Espagne : le gouvernement sanctionne les marchés de prédiction polymarket et kalshi
Le ministère de la Transition Économique et de la Cohésion des Risques a pris des mesures énergiques en ciblant deux plateformes de prédiction, Polymarket et Kalshi, en raison d’un non-respect flagrant des réglementations en vigueur.
Un arbitrage réglementaire en pleine mutation
L’État français, via la Direction Générale de l’Ordre des Jeux (DGOJ), a officiellement ouvert une procédure de sanction contre ces opérateurs, les accusant d’opérer illégalement sur le territoire national. Il s’agit d’une nouvelle étape dans la volonté du gouvernement Sánchez de maîtriser ce secteur en pleine expansion, qui a suscité un intérêt considérable suite aux dernières élections américaines et à la prolifération des paris liés à la politique et à l’économie.

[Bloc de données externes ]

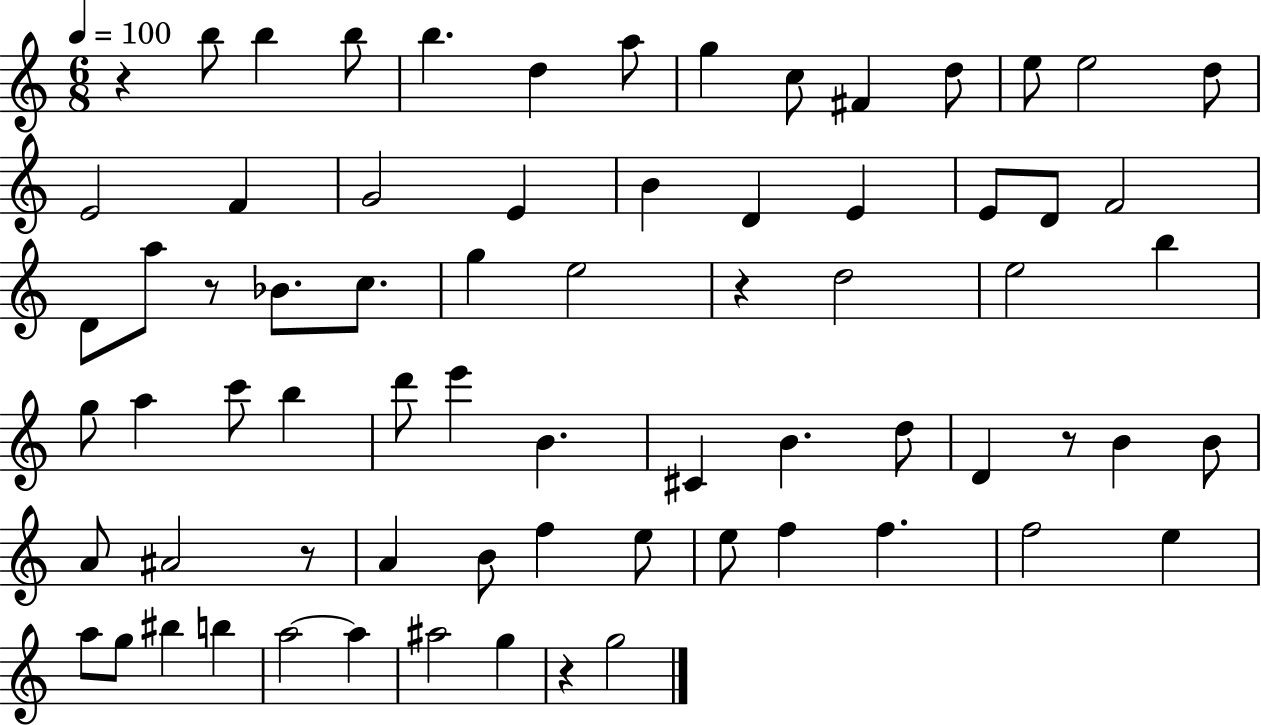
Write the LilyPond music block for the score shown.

{
  \clef treble
  \numericTimeSignature
  \time 6/8
  \key c \major
  \tempo 4 = 100
  r4 b''8 b''4 b''8 | b''4. d''4 a''8 | g''4 c''8 fis'4 d''8 | e''8 e''2 d''8 | \break e'2 f'4 | g'2 e'4 | b'4 d'4 e'4 | e'8 d'8 f'2 | \break d'8 a''8 r8 bes'8. c''8. | g''4 e''2 | r4 d''2 | e''2 b''4 | \break g''8 a''4 c'''8 b''4 | d'''8 e'''4 b'4. | cis'4 b'4. d''8 | d'4 r8 b'4 b'8 | \break a'8 ais'2 r8 | a'4 b'8 f''4 e''8 | e''8 f''4 f''4. | f''2 e''4 | \break a''8 g''8 bis''4 b''4 | a''2~~ a''4 | ais''2 g''4 | r4 g''2 | \break \bar "|."
}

L’initiative s’inscrit dans une stratégie plus large visant à encadrer les marchés de prédiction, souvent décrits comme des « casinos numériques ». Ces plateformes, qui fonctionnent sur le principe de l’achat et de la vente de parts liées à l’issue d’événements futurs – de scrutins aux fluctuations boursières, en passant par les événements sportifs et même les phénomènes météorologiques – représentent un défi réglementaire inédit.
La DGOJ a ordonné le blocage immédiat des sites web des deux entreprises, une mesure d’urgence qui témoigne de la gravité de la situation. La notification, publiée au Journal Officiel de l’État après des tentatives infructueuses de sommation directe auprès des sociétés à leurs domiciles à l’étranger, souligne l’importance de garantir le respect de la législation.

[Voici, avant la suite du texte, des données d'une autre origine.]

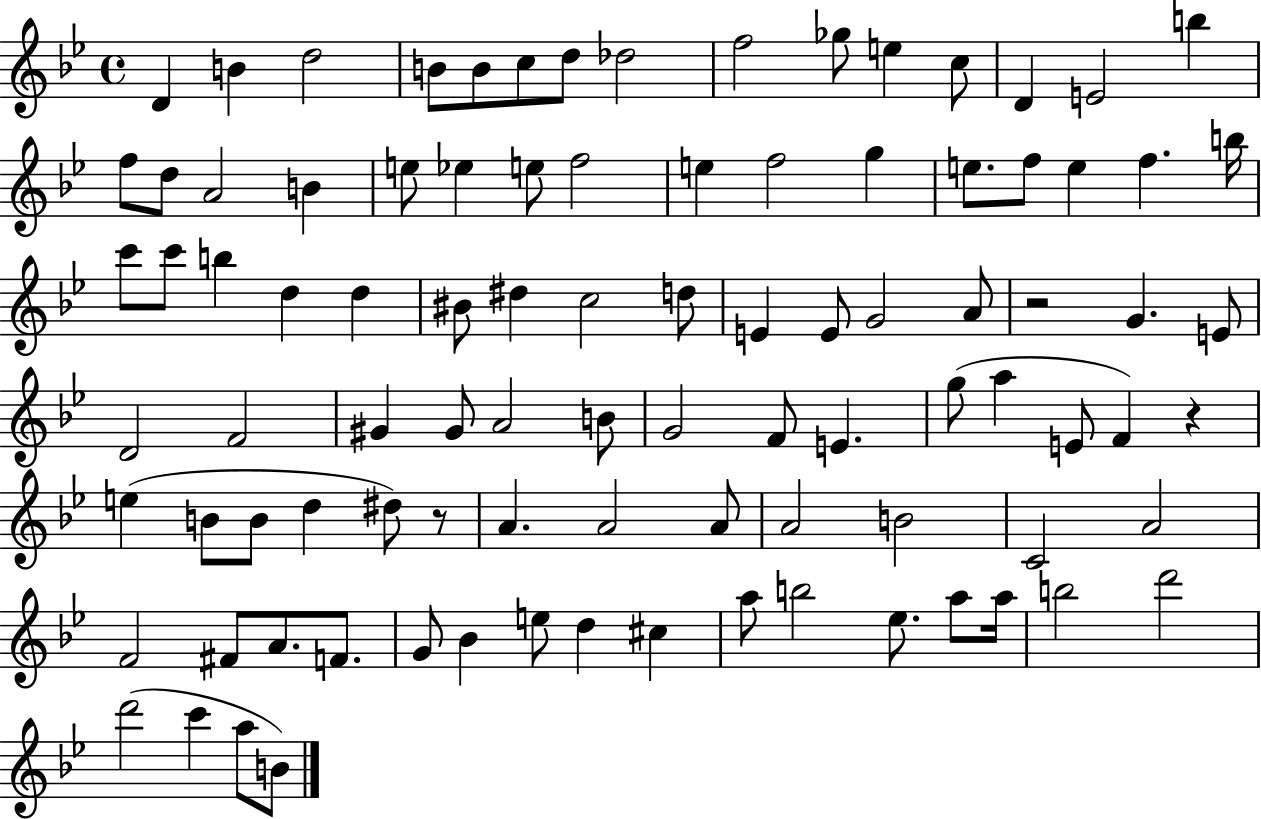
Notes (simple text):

Les risques de l’absence de contrôle
Le ministère met en garde contre les dangers liés à l’exploitation de ces marchés sans licence. Il s’agit non seulement de garantir la sécurité des utilisateurs, notamment la protection des mineurs et des personnes vulnérables, mais aussi d’assurer la conformité avec les normes de supervision en vigueur. Il est crucial de mettre en place des systèmes de vérification d’identité robustes et des mécanismes de contrôle d’accès rigoureux.
L’argument central réside dans le fait que ces marchés de prédiction, bien que fonctionnant différemment des jeux d’argent traditionnels – les utilisateurs interagissent entre eux plutôt que directement avec une plateforme – sont considérés comme des jeux de hasard par la DGOJ, conformément à d’autres juridictions européennes. L'absence de licence administrative spécifique constitue une infraction à la réglementation.
Cette action gouvernementale marque un tournant dans la régulation de ces plateformes, qui attirent déjà l’attention des investisseurs et des entreprises technologiques, et qui brouillent les frontières entre les paris, les marchés financiers et l’agrégation d’informations probables. Il est clair que la course à l'innovation ne doit pas se faire au détriment de la protection des consommateurs et de la sécurité financière.